Catherine Lejealle : On utilise principalement des applications qui nous permettent de communiquer avec les autres, des applications de messages comme Snapchat, What’s app, Facebook Messenger – bien qu’assez délaissées par les jeunes aujourd’hui – ou encore Twitter.

En deuxième position, il y a les applications utilitaires, c’est-à-dire des applications qui vont nous rendre service, nous informer sur les horaires de bus ou de cinéma par exemple et que l’on va avoir tendance à consulter régulièrement.

Viennent ensuite les applications que l’on pourrait qualifier d’hédonistes ou ludiques. Notre portable nous est régulièrement à portée de main. Par conséquent, dès lors que l’on a un temps mort, on va avoir tendance à jouer à des jeux ou lire l’actualité.
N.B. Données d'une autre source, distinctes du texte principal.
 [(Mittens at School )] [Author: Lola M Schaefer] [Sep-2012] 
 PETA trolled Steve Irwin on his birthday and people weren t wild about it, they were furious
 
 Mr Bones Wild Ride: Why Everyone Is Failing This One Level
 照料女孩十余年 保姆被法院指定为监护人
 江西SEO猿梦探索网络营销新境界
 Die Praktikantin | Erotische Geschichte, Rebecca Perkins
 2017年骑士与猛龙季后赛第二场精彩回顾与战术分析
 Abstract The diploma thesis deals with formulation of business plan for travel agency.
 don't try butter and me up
Finalement, il s’agit d’applications que l’on utilise par contrainte de temps, des applications que l’on peut aisément utiliser dans notre quotidien et notre routine. Elles ne sont certes pas très exotiques mais elles remplacent en quelque sorte les objets que l’on avait avant comme un programme cinéma papier ou un journal et elles nous donnent en quelques doigtés ce dont on a besoin.

Qu'est-ce que cela révèle de notre rapport au téléphone portable ? 

Cela révèle du simple fait que le téléphone portable est devenu un outil addictif et que nous sommes tous devenus hyperconnectés.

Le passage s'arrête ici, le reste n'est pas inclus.